Return all of the listing word for word; the pictures stay out.

○ ○ ○ ○ ○

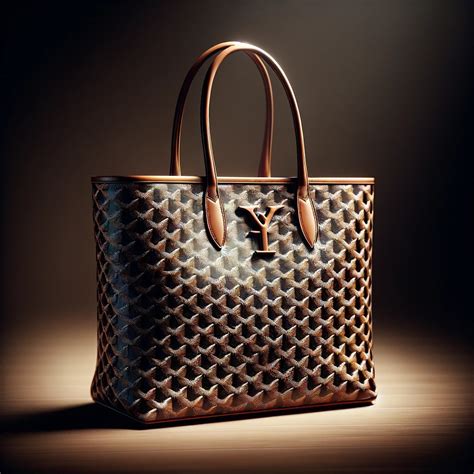 fabolous goyard bag|Goyard Bag .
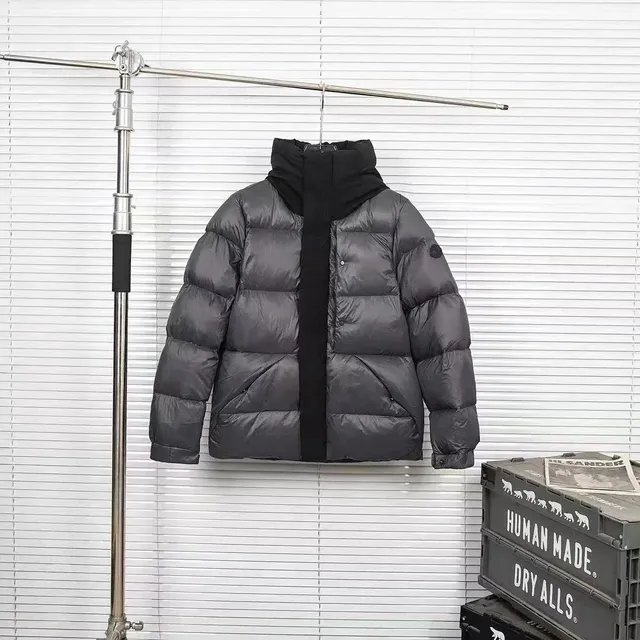 Human Made Puffer Jacket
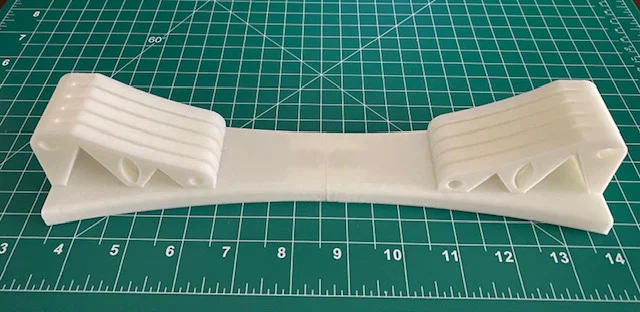 Giá đỡ bàn in Creality K1 - 4 ngăn - Image 3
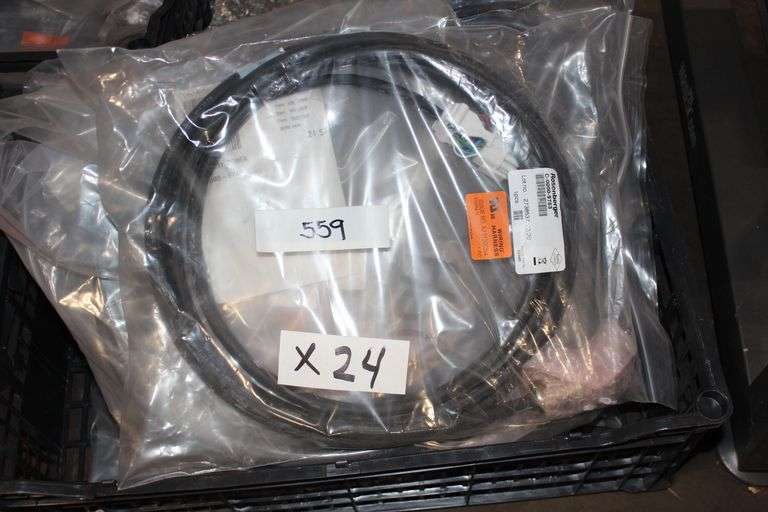 Rosenberger Wire Harness C-0000-9753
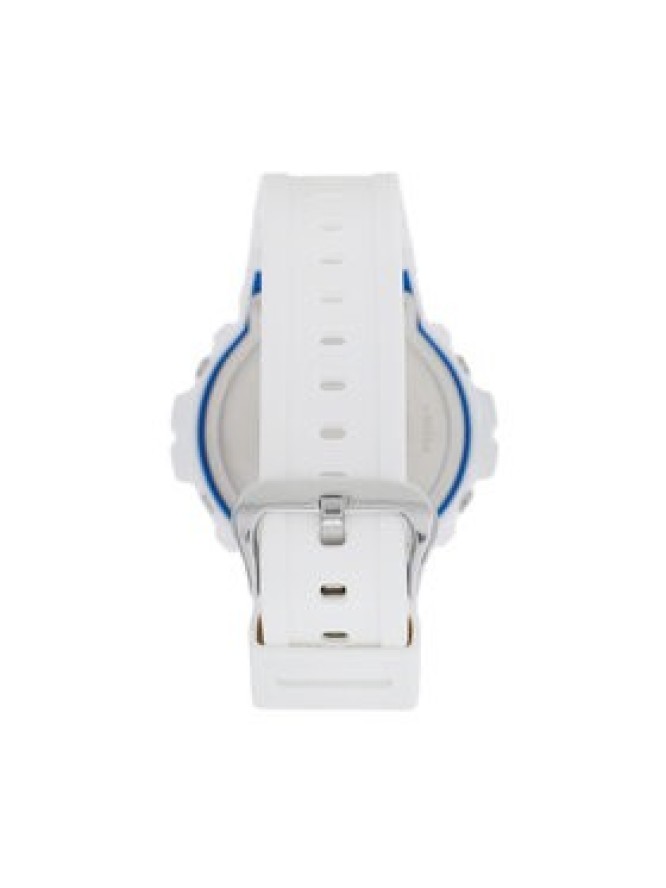 G-Shock Zegarek DW-6900HDS-7ER Biały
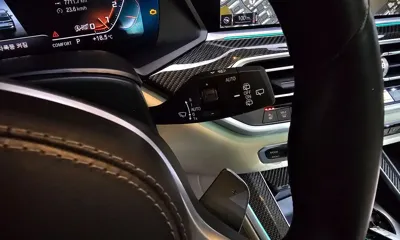 BMW X5 2022, 72115 км, за 67000000 KRW - фото 28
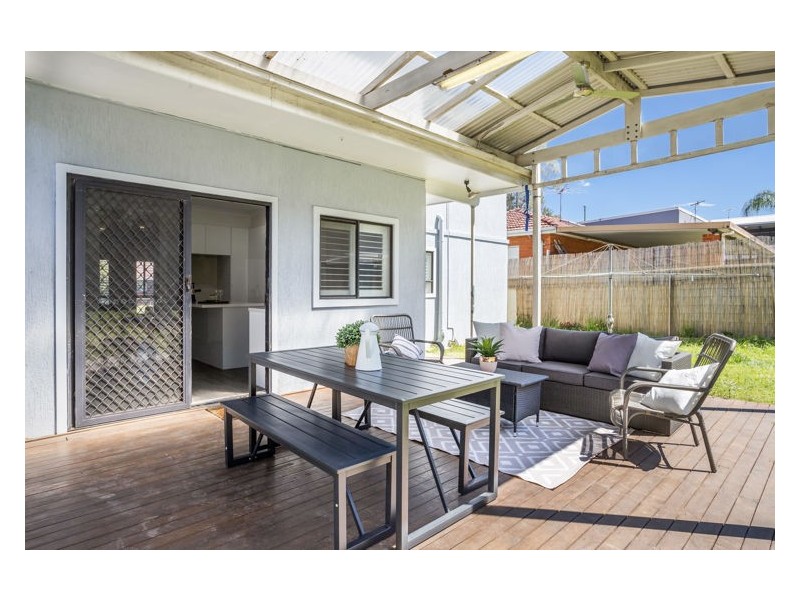 45 Austin Crescent, Constitution Hill NSW 2145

○ ○ ○ ○ ○

▶ [Task result]:
 fabolous goyard bag|Goyard Bag .
 Human Made Puffer Jacket
 Giá đỡ bàn in Creality K1 - 4 ngăn - Image 3
 Rosenberger Wire Harness C-0000-9753
 G-Shock Zegarek DW-6900HDS-7ER Biały
 BMW X5 2022, 72115 км, за 67000000 KRW - фото 28
 45 Austin Crescent, Constitution Hill NSW 2145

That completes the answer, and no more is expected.